#### PROVIDED DATA

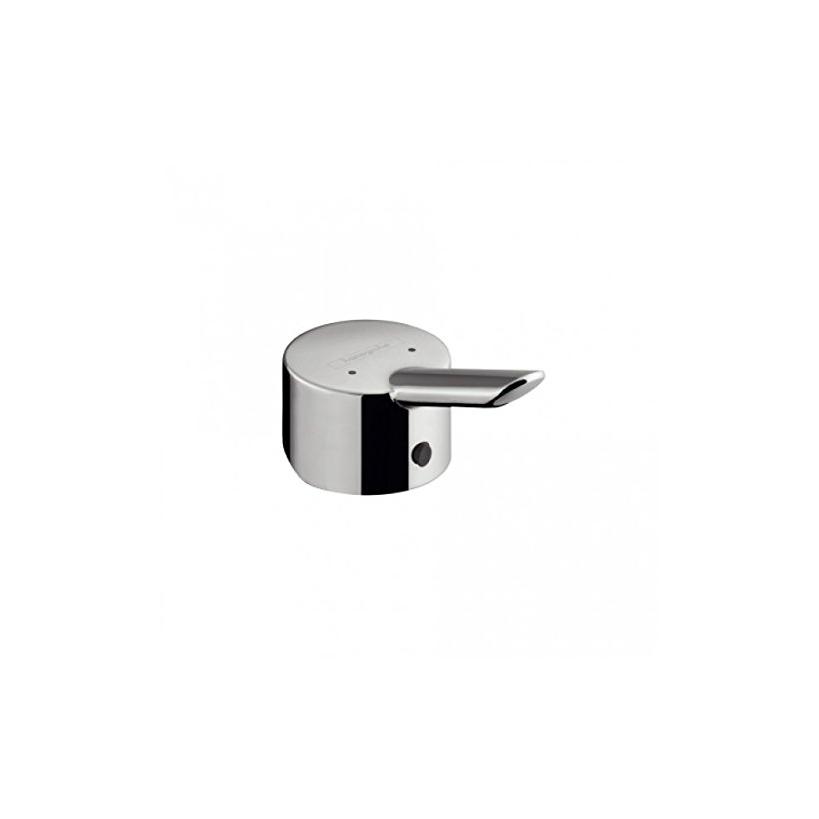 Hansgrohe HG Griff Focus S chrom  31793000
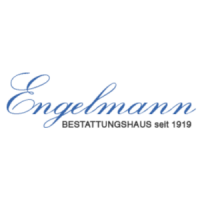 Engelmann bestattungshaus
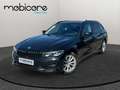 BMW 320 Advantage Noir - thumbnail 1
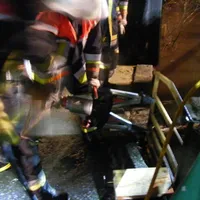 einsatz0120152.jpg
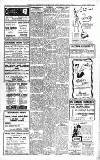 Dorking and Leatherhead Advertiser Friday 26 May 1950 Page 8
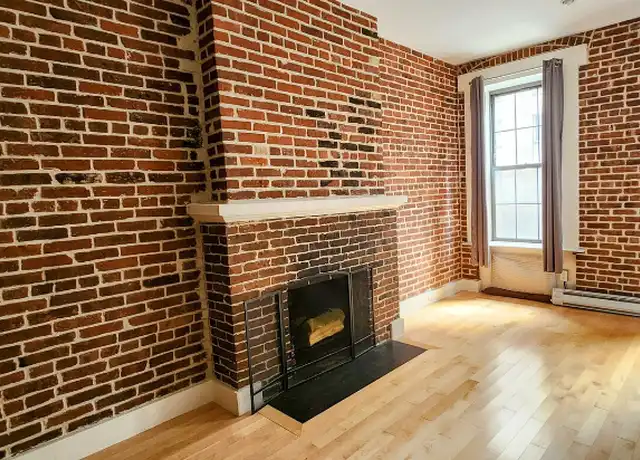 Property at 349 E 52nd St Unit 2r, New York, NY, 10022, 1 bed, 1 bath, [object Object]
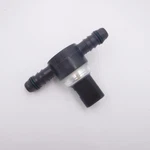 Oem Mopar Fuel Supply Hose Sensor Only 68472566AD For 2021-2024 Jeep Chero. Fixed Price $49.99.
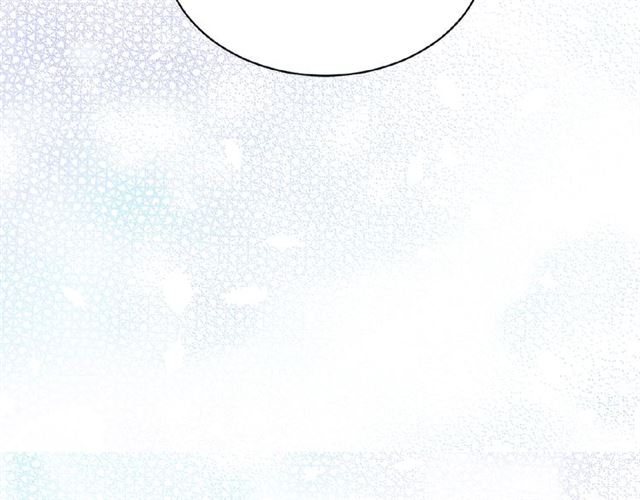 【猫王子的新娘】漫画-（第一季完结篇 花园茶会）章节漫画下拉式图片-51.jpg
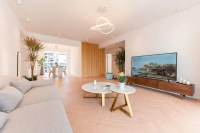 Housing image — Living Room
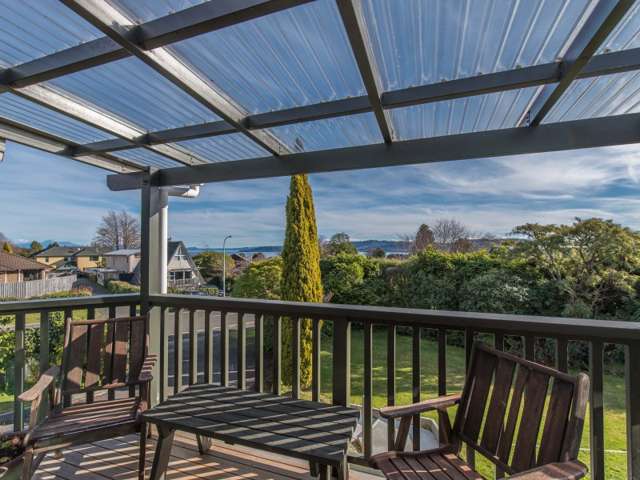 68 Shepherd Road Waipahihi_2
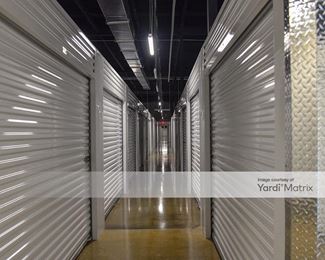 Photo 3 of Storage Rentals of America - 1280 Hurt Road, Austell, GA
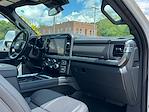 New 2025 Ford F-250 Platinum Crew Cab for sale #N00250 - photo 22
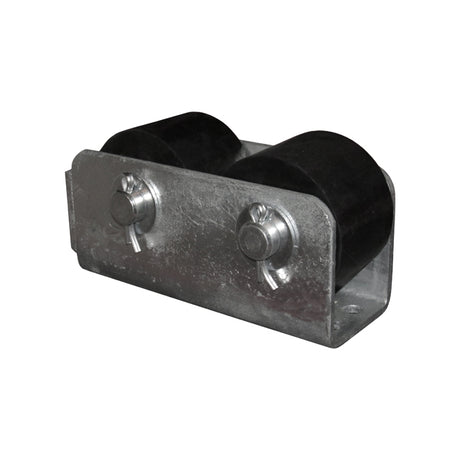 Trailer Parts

########

Write out the listing word for word, omitting the pictures it holds.

 Hansgrohe HG Griff Focus S chrom  31793000
 Engelmann bestattungshaus
 BMW 320 Advantage Noir - thumbnail 1
 einsatz0120152.jpg
 Dorking and Leatherhead Advertiser Friday 26 May 1950 Page 8
 Property at 349 E 52nd St Unit 2r, New York, NY, 10022, 1 bed, 1 bath, [object Object]
 Oem Mopar Fuel Supply Hose Sensor Only 68472566AD For 2021-2024 Jeep Chero. Fixed Price $49.99.
 【猫王子的新娘】漫画-（第一季完结篇 花园茶会）章节漫画下拉式图片-51.jpg
 Housing image — Living Room
 68 Shepherd Road Waipahihi_2
 Photo 3 of Storage Rentals of America - 1280 Hurt Road, Austell, GA
 New 2025 Ford F-250 Platinum Crew Cab for sale #N00250 - photo 22
 Trailer Parts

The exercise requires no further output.